A few of these names will be familiar to our readers. I
recently suggested that grocery chain
SUPERVALU (NYSE: SVU) looked far too cheap, especially when compared to other industry players.
I also continue to think that
Office Depot (NYSE: ODP) is once again
finding its footing, and should close some of the valuation gap with rivals
Staples (Nasdaq: SPLS) in 2011.
H&R Block (NYSE: HRB)
The price-to-earnings (
P/E) ratio on this tax prep firm really gets your attention. But few would argue for a higher
earnings multiple at the moment. With unemployment at high levels, demand for the company's software and services are at a multi-year low.

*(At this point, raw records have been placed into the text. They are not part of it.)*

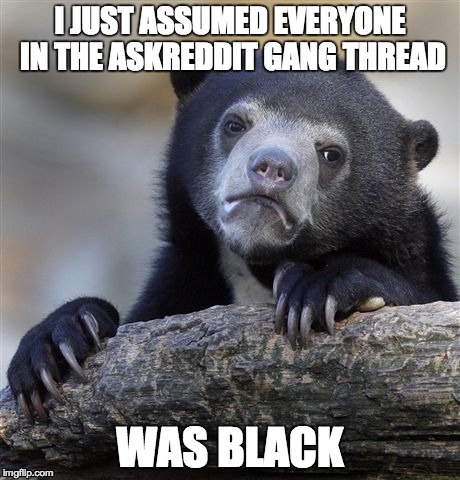 Confession Bear | I JUST ASSUMED EVERYONE IN THE ASKREDDIT GANG THREAD WAS BLACK | image tagged in memes,confession bear | made w/ Imgflip meme maker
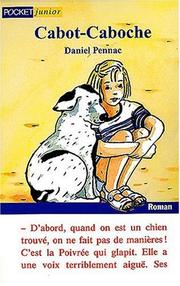 Daniel PENNAC : Cabot-Caboche
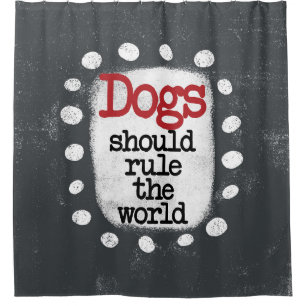 Dogs Should Rule The World Shower Curtain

Well, it may be a no-growth business right now, but
free cash flow remains quite impressive. H&R Block has generated a cumulative $1.0 billion in free cash flow during the past two years. While business slumps and
shares trade at levels last seen in 2002, management has decided to use some of that
cash flow for ongoing stock buybacks. The company's share count has fallen by 10% in the past year, and management expects to take another chunk of the share count out of the public's hands in 2011. And while investors wait, they can also focus on the company's 4.6%
dividend yield.
Will results rebound in 2011? Perhaps, but it will likely be a few years before improving employment trends enable H&R Block to post meaningful growth again. In the interim, the shrinking share count should set the stage for eventually higher per share profits. And it's unlikely that business will slump further, so that miniscule P/E ratio likely provides solid downside to the stock. If you're looking for long-term
appreciation and a healthy
dividend, H&R Block is emerging as a solid discounted play.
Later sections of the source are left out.